There are several legends about Kırkpınar. The best known is: The legend started when Ottoman Sultan Orhan Gazi invaded Thrace. Sultan and Süleyman Pasha, together with 40 warriors, seized forts in the region that is now the Greece/Turkey/Bulgaria border. On their return, the soldiers started wrestling on the place they camped. Two brothers, Ali and Selim, wrestled for hours; however, they could not defeat each other. The match had to be continued at Ahırköy meadow during the annual Spring Festival (Hıdrellez) and Süleyman Pasha promised the winner a pair of leather pants (kispet). The combat started early in the morning and continued until midnight. In the end they both died of exhaustion.
Their comrades buried them under a fig tree and left. Years later a group returned to visit the graves and found a great spring flowing on the burial site and named the place Kırkpınar (Forty Springs).
Samona, the original birthplace of Kırkpınar is now within the borders of Greece. At the end of the Balkan War and World War I, Kırkpınar Wrestling took place at Virantekke near Edirne. Since the foundation of the Turkish Republic the contests have been held in the Sarayiçi area of Edirne.
The Kırkpınar Agas (Kırkpınar Landlords) organized the Kırkpınar Oil Wrestling until 1928. They entertained the guests and awarded the winners. Since 1946, the Kırkpınar Oil Wresting has been organized by the Municipality of Edirne.
The main differences that separate Kırkpınar Oil wrestling matches from Olympic wrestling are the duration of the match, tricks, and the rules of defeat. Oil wrestling matches are longer. The most important difference is that the wrestlers cover their body with olive oil to make holding difficult, and they wear kispet.

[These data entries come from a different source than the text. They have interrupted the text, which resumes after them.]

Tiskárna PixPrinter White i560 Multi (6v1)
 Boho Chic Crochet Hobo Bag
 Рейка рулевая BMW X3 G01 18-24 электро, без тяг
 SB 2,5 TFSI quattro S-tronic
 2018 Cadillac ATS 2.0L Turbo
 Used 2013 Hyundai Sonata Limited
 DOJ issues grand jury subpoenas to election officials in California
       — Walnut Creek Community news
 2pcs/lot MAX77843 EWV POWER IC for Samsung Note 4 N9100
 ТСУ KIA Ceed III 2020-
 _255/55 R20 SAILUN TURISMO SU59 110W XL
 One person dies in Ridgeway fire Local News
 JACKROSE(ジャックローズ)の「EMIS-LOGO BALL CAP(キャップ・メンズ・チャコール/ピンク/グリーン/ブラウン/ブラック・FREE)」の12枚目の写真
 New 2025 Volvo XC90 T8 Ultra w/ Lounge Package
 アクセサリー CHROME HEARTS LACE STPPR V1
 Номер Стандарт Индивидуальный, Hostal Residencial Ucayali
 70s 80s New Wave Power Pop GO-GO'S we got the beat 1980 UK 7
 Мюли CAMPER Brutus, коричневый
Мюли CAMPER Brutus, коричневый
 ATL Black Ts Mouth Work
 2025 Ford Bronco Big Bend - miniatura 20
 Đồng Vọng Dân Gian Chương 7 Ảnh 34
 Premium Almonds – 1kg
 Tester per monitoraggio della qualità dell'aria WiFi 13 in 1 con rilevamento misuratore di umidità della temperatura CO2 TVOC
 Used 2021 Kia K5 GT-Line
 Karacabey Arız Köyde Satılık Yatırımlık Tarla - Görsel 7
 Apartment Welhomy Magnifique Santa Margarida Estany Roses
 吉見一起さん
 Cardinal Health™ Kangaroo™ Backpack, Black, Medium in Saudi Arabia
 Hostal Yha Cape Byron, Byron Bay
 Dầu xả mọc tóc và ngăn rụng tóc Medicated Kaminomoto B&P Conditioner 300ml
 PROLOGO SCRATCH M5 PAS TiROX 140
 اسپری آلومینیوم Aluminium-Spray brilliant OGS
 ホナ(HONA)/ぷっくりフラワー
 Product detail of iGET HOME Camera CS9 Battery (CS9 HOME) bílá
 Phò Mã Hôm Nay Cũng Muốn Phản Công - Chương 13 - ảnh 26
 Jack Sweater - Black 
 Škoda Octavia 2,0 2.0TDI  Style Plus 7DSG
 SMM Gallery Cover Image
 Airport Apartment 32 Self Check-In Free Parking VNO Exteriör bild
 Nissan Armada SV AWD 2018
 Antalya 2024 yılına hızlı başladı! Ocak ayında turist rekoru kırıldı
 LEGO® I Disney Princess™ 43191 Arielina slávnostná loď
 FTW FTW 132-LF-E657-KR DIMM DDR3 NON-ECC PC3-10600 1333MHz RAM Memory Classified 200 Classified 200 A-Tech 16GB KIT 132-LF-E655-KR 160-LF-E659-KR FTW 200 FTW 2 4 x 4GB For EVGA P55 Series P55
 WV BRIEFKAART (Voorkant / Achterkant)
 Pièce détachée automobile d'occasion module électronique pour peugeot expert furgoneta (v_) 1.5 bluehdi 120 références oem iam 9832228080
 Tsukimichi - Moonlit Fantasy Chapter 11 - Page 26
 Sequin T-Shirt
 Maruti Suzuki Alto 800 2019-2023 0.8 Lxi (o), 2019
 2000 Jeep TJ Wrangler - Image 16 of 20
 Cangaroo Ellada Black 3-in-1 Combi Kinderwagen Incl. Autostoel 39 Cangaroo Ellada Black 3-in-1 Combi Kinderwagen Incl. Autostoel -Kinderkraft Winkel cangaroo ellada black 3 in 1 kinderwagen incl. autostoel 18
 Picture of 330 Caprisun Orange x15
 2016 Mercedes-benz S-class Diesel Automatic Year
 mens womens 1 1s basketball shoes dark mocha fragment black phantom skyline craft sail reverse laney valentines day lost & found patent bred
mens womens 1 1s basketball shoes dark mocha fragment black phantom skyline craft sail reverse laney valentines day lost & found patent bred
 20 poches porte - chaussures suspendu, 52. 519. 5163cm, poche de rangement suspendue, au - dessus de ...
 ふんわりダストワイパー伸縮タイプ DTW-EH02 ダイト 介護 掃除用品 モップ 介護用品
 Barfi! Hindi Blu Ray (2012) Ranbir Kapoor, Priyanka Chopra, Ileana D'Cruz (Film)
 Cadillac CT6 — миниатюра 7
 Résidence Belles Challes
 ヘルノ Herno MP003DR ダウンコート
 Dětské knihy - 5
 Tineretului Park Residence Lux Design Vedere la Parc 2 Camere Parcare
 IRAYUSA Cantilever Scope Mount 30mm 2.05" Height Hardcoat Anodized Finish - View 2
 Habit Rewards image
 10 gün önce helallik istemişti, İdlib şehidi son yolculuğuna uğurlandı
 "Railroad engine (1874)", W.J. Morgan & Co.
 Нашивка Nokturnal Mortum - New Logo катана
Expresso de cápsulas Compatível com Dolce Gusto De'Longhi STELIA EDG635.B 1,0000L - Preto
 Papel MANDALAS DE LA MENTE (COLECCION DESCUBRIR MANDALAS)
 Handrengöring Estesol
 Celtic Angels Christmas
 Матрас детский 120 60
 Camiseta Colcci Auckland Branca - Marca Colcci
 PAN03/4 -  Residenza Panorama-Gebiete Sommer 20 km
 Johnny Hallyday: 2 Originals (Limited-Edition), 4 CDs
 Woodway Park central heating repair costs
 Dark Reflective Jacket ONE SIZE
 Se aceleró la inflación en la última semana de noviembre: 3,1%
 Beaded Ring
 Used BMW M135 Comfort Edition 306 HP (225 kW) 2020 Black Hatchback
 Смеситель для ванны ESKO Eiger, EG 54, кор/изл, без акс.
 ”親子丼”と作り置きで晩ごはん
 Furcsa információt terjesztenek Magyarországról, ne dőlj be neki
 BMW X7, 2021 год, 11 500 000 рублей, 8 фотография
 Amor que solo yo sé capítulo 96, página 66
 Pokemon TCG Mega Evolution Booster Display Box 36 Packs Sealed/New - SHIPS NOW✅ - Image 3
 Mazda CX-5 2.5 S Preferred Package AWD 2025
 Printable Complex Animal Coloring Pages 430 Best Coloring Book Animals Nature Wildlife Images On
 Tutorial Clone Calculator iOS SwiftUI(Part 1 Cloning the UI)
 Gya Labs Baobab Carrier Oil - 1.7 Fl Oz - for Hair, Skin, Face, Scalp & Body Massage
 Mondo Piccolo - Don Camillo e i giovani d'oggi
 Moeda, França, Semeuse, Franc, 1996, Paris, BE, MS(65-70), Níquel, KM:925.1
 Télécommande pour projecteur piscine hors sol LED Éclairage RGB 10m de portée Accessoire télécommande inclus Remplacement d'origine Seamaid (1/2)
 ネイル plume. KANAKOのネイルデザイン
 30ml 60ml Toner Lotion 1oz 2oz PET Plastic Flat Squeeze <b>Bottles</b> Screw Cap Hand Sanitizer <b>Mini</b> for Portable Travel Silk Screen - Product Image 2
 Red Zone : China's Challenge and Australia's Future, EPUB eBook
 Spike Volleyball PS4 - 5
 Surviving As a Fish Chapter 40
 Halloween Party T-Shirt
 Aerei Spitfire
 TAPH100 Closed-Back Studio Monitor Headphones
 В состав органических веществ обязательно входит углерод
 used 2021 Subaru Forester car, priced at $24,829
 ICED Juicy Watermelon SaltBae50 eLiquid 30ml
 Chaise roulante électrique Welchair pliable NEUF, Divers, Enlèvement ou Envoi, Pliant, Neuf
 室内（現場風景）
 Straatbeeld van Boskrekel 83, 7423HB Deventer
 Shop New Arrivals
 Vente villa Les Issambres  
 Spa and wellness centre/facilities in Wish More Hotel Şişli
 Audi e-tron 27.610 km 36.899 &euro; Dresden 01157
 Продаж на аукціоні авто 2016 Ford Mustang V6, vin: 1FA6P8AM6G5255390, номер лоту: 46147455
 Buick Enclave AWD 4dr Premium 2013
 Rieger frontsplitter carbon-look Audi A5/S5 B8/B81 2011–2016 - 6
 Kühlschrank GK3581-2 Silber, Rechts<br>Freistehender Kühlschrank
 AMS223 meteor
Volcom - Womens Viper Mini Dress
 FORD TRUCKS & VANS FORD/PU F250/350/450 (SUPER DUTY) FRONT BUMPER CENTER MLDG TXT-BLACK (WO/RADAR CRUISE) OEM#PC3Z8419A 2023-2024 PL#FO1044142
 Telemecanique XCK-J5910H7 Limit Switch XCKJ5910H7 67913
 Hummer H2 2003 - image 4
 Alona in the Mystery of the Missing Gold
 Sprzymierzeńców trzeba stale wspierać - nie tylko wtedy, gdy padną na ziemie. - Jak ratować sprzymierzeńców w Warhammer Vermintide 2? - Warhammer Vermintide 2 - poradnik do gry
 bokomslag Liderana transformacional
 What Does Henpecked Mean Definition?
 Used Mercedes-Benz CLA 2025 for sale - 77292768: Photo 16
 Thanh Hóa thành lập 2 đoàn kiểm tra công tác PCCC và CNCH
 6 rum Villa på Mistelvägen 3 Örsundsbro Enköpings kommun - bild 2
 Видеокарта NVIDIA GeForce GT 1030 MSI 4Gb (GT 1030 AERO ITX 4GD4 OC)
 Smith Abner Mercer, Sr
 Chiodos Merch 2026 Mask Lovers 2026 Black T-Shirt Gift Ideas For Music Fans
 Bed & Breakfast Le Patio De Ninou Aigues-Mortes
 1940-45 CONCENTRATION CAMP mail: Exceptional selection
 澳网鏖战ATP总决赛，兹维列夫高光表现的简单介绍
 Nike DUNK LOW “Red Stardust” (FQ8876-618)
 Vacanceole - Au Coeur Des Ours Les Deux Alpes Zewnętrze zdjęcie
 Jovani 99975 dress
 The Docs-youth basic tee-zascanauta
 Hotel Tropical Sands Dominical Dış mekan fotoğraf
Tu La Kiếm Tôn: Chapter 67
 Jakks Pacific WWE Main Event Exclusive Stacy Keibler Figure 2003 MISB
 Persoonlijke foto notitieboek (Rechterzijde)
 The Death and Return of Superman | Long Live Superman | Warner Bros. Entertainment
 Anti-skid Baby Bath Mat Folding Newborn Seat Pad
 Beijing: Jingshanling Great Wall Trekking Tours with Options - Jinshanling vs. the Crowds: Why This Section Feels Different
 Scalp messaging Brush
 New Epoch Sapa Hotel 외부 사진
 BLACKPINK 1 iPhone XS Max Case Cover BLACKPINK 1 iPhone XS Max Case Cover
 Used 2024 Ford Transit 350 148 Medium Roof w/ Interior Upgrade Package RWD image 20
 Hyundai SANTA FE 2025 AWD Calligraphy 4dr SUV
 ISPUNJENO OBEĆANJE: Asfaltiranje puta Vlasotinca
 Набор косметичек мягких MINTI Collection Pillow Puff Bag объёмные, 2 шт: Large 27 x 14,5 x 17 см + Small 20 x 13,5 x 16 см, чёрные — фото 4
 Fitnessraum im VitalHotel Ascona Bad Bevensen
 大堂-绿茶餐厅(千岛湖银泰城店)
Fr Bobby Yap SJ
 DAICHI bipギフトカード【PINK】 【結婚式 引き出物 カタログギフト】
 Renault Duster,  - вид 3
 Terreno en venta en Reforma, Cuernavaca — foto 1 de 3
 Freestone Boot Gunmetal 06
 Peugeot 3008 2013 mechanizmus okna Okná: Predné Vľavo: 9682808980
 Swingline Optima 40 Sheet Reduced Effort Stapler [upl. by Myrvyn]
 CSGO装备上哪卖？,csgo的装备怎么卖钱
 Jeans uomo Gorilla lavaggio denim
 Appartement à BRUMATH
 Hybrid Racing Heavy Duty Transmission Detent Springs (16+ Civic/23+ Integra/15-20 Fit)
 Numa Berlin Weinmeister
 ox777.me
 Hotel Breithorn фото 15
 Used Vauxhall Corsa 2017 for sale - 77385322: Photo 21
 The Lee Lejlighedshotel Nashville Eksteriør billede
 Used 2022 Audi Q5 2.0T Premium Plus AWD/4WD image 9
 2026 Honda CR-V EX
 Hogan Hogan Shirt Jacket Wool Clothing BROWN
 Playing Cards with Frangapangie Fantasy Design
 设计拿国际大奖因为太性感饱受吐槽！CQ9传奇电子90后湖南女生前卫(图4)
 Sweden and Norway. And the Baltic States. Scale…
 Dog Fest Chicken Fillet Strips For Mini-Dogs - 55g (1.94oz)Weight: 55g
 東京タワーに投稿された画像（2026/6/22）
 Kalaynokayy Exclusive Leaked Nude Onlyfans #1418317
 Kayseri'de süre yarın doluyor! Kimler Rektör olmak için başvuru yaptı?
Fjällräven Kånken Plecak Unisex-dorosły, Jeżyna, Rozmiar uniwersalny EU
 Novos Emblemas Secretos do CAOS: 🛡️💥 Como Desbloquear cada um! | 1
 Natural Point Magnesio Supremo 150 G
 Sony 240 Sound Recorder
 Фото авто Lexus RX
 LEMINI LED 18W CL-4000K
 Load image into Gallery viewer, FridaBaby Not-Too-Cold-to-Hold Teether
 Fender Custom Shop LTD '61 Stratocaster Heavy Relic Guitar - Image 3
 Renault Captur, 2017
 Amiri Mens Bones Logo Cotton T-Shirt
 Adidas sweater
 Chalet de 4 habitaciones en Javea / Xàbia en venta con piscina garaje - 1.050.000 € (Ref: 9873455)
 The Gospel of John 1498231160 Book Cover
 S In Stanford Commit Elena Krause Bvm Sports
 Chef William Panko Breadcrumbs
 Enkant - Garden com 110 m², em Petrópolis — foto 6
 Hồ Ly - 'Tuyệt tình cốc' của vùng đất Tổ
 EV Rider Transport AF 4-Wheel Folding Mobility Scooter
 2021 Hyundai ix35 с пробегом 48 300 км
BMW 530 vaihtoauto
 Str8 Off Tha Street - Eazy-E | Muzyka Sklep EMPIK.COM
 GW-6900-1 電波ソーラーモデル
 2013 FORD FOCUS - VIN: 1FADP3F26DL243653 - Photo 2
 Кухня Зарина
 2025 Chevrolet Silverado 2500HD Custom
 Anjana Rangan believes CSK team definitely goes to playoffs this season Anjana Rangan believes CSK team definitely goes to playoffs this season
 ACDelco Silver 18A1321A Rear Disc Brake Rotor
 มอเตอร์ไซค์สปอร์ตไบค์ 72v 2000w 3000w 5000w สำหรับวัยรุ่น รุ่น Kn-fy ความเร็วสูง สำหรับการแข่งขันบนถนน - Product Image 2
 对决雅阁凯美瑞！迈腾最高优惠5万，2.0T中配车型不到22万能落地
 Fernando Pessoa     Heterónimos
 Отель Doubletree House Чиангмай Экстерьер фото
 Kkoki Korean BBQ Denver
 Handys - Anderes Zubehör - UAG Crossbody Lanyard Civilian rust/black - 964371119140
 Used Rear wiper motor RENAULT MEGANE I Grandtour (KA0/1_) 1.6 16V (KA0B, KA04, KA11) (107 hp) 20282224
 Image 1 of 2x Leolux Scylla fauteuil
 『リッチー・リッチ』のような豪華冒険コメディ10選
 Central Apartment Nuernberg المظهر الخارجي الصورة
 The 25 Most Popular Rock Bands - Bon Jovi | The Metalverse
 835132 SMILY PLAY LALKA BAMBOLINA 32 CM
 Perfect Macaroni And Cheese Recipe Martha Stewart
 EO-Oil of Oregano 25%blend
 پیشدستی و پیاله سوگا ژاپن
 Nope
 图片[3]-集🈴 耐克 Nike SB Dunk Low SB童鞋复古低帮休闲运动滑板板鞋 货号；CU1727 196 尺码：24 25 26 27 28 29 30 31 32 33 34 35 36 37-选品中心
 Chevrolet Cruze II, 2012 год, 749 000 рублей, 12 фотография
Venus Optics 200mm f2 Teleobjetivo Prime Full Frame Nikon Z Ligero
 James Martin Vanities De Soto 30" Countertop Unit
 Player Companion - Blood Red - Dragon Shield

The tight short leather trousers that each competing Pehlivan (wrestler) wears are called “Kispet”. These kispet are made of water buffalo hide or calfskin and weigh about 12 kilograms. The belt of the kıspet is about four inches wide and half an inch thick. In the past, the wrestler’s wearing of “kispet” was considered a very significant event and there had to be a ceremony. The wrestlers had to achieve the rank of “Pehlivan” before being allowed to wear “kıspet”.
Kıspet are carried in baskets called Zembil, which are made of straw. After the wrestling the kıspet are cleaned and greased to prevent their drying out, and are put into the basket until the next match. When a wrestler hangs his Zembil on the wall it means that he has quit wrestling and will never wrestle again.
All fighters line up along one side of the field and the Cazgır (announcer) introduces the Pehlivans to the audience by announcing their names, titles and skills with appropriate verses and prayers. Then the wrestlers fill the field and begin harmonious warming up movements called “peşrev” accompanied by davul (drum) and zurna (horn).
The first aim of the Pehlivan is to become the Başpehlivan (head wrestler or the champion) at Kırkpınar. The winning wrestler in the “Baş” (head) category receives Başpehlivan of the Year award. The wrestler who becomes Başpehlivan for three consecutive years is awarded the most prestigious award of Kırkpınar: a 14-carat Golden Belt weighing 1.5 kilograms.